Instructions for the task = Verbatim output of the lines below is required, with the images omitted.

Data provided =
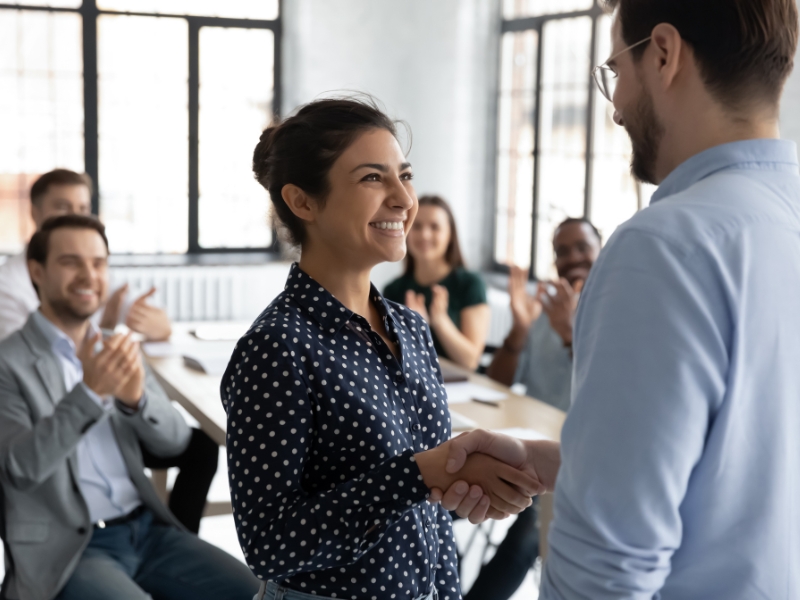 Woman being congratulated at work for a salary increase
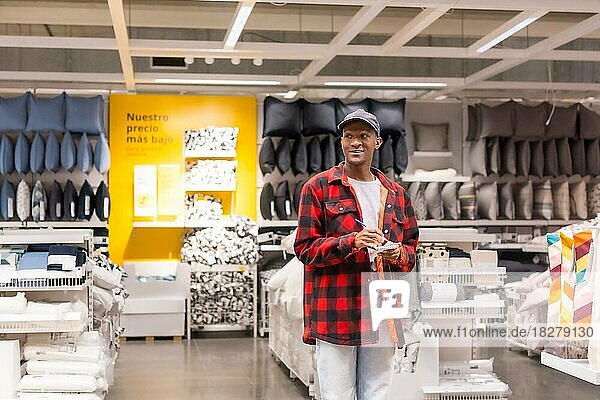 Black ethnic man shopping in a supermarket for almeadas and cushions
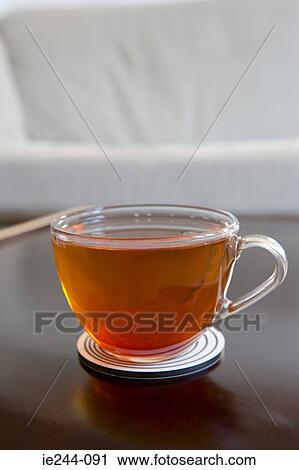 Stock Image - Tea in a transparent cup. Fotosearch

Completed exercise =
 Woman being congratulated at work for a salary increase
 Black ethnic man shopping in a supermarket for almeadas and cushions
 Stock Image - Tea in a transparent cup. Fotosearch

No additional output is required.